## [TASK DESCRIPTION]
Retype, without changes, every line from the line that contains "Love this graphic" through the final line of the records. Exclude pictures.

Captioned web image data
————————

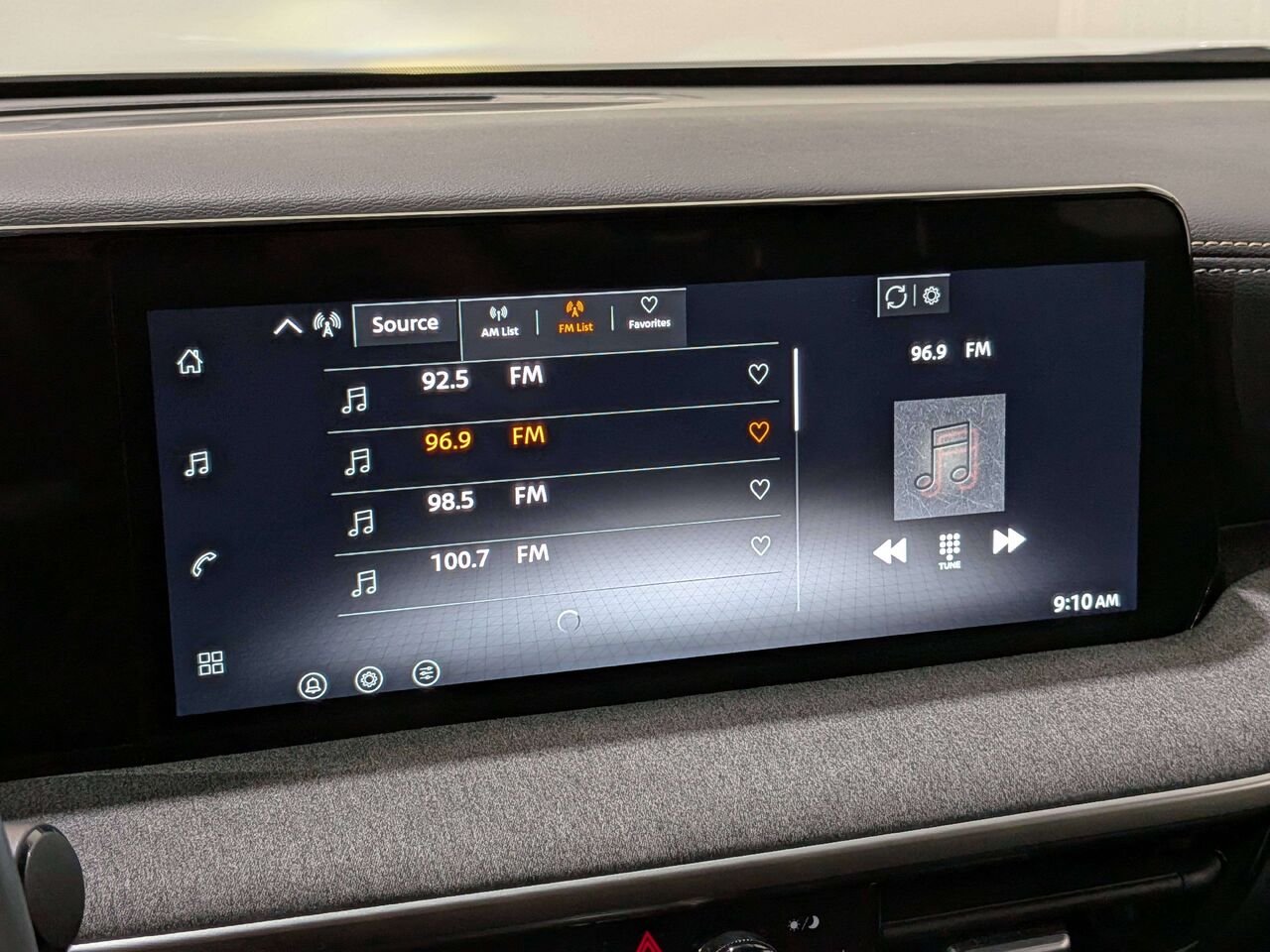 2026 Nissan Kicks SV AWD White Val-David - photo #20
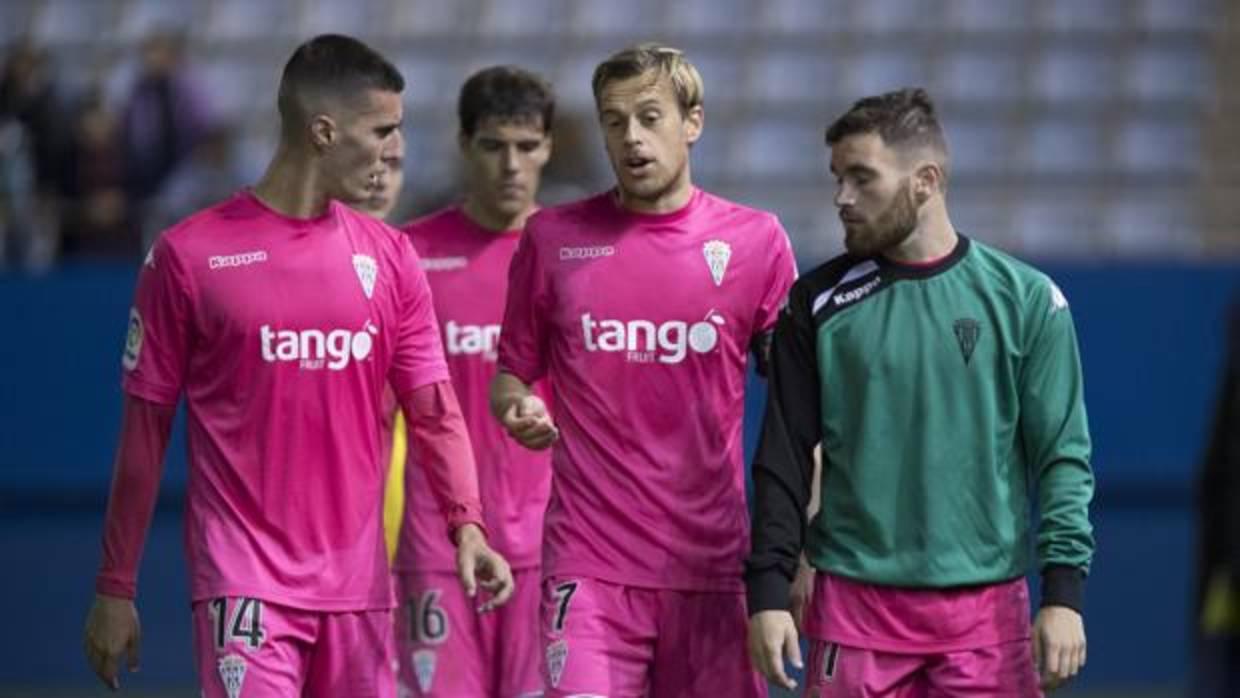 Javi Lara habla con Sergi Guardiola y Javi Galán tras perder en Lorca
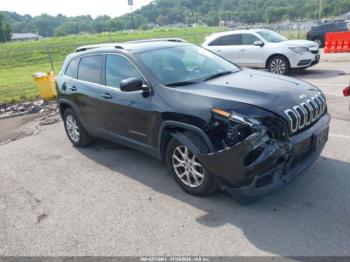  Salvage Jeep Cherokee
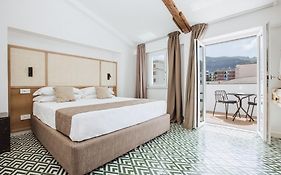 Boutique Suites 186  2*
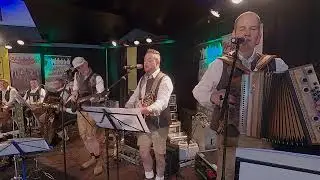 Die Holzkogl Buam -Tief beim See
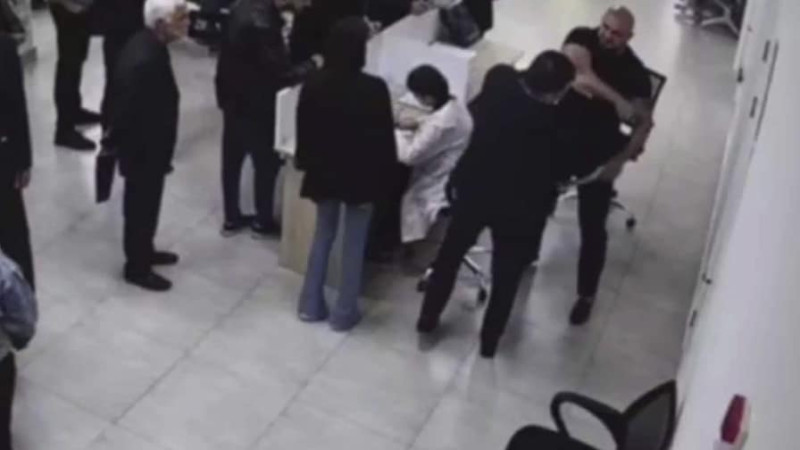 Çənəsi sınan qazinin vəziyyəti açıqlanıb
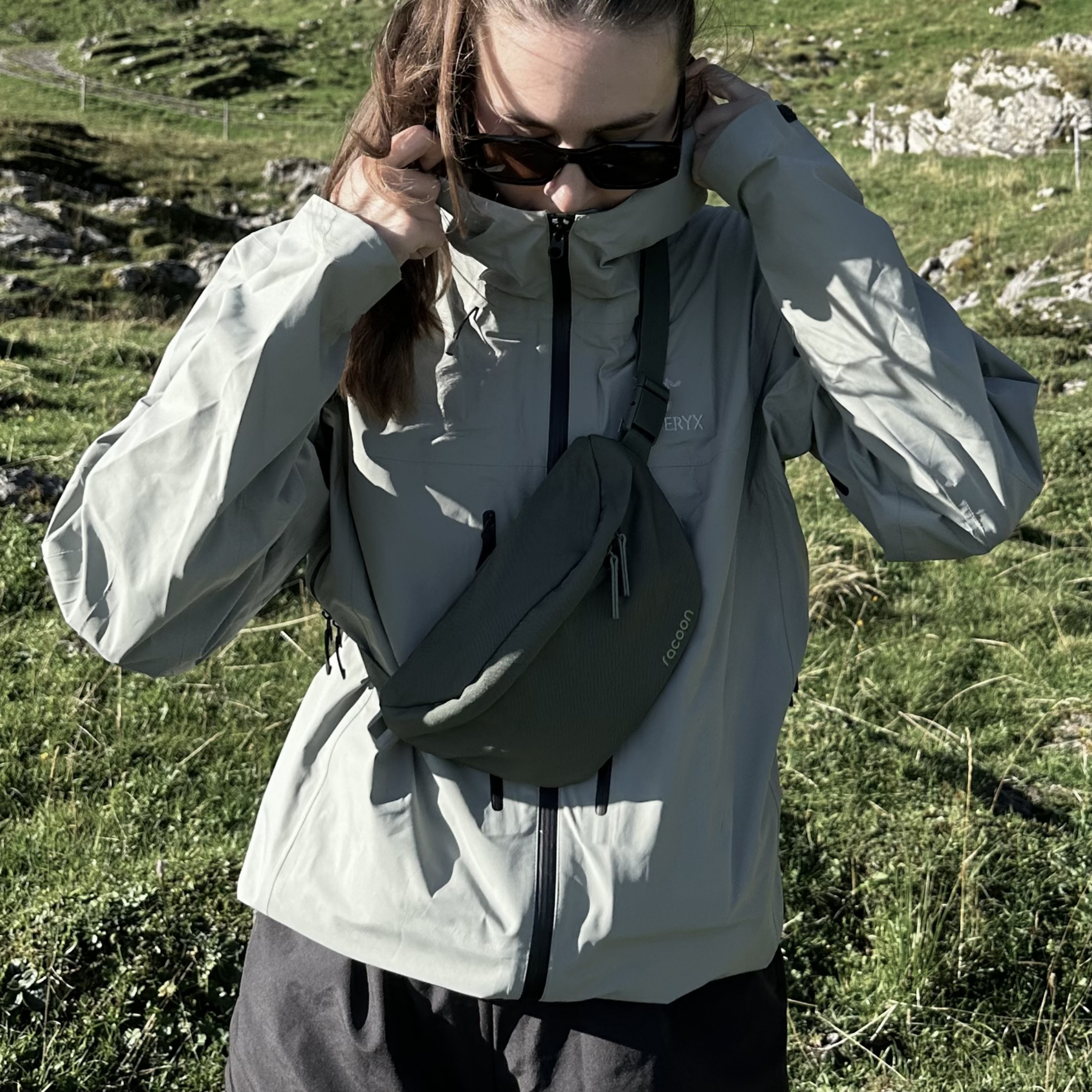 Shoullderbag-racoon-schweiz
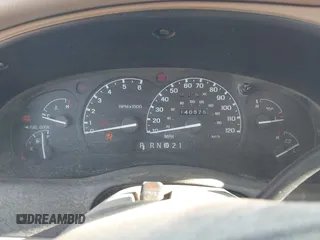 1998 Ford Explorer XL z VIN 1FMZU34E0WZA63165, wystawiony jako IAAI lot #42062724 z przebiegiem 140 575 mil mil oraz . Historia ofert i sprzedaży dostępna na DreamBid. Obrazek 7.
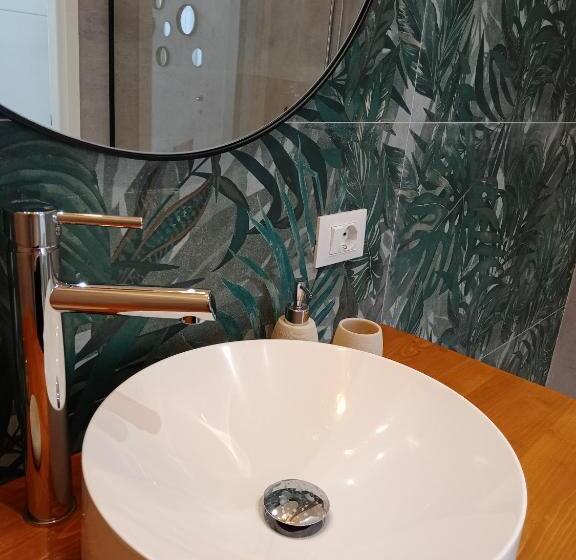 小型套房带阳台, Home Sicily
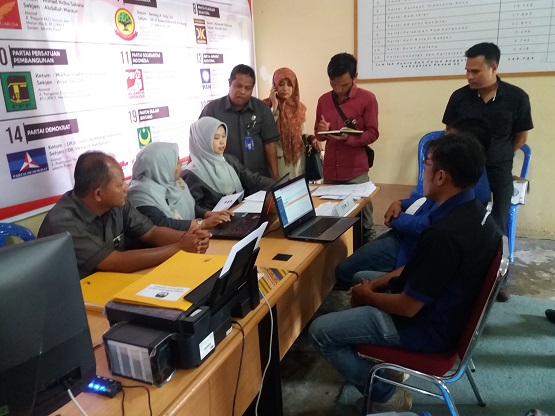 Suasana penerimaan partai politik mengajukan bacaleg yang bakal maju dalam pileg 2019 nanti, Senin (16/7)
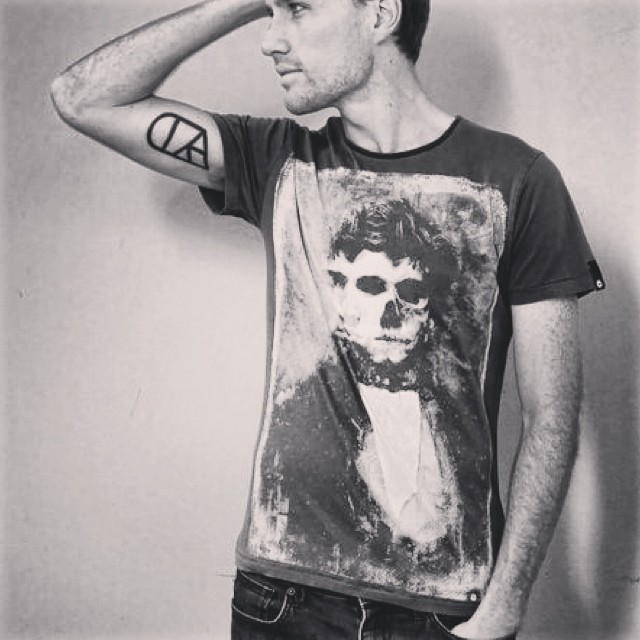 Love this graphic tee inspired by Dorian Gray, get yours at kujishop.co.uk/the-affair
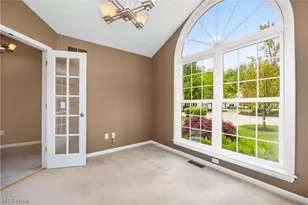 407 Clearbrook Dr, Avon Lake, OH 44012 - Photo 6
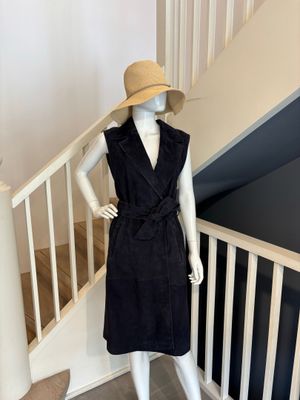 un mannequin vêtu d'une robe noire et d'un chapeau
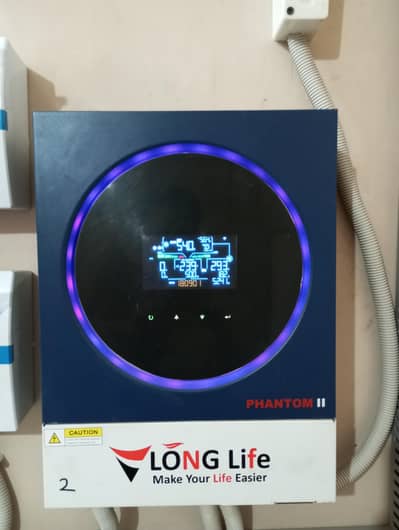 Long Life 6kW MPPT Solar Inverter 10/10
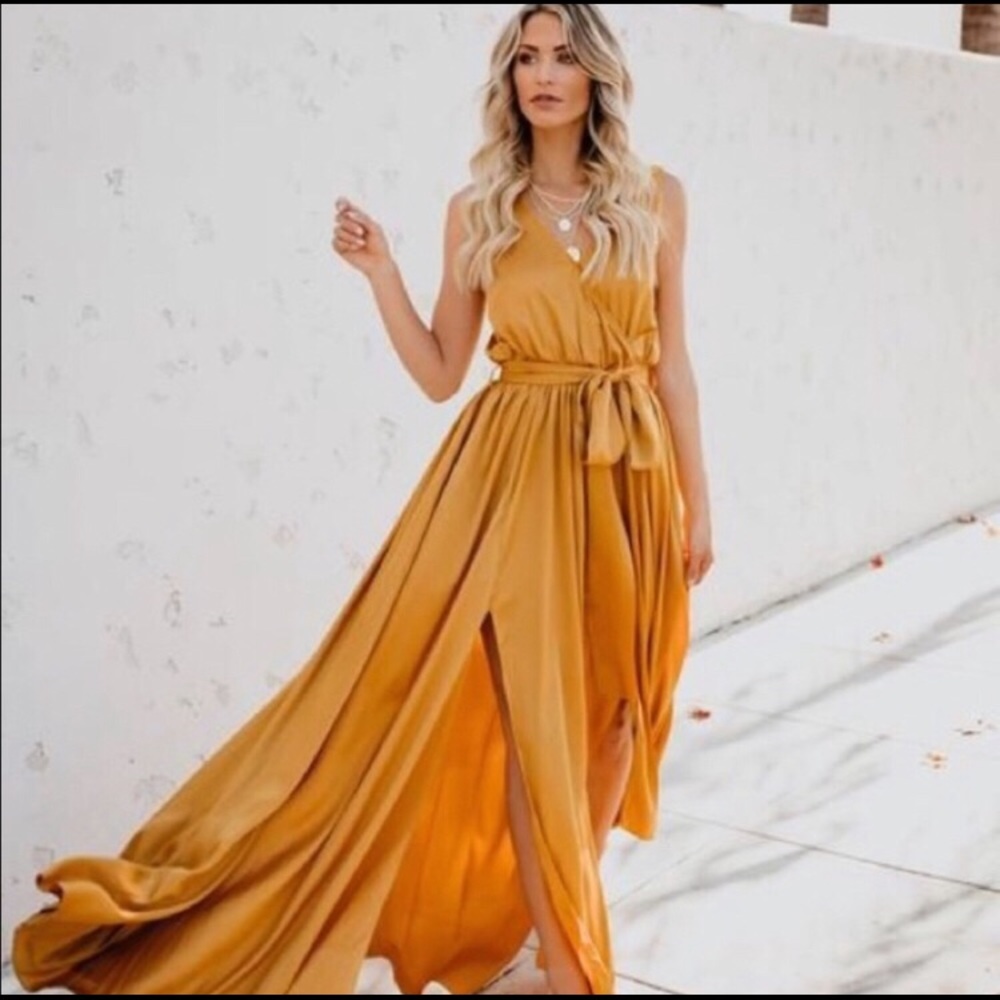 NWOT Vici Sleeveless Diana Maxi Dress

————————

## [RESPONSE TO THE EXERCISE]
 Love this graphic tee inspired by Dorian Gray, get yours at kujishop.co.uk/the-affair
 407 Clearbrook Dr, Avon Lake, OH 44012 - Photo 6
 un mannequin vêtu d'une robe noire et d'un chapeau
 Long Life 6kW MPPT Solar Inverter 10/10
 NWOT Vici Sleeveless Diana Maxi Dress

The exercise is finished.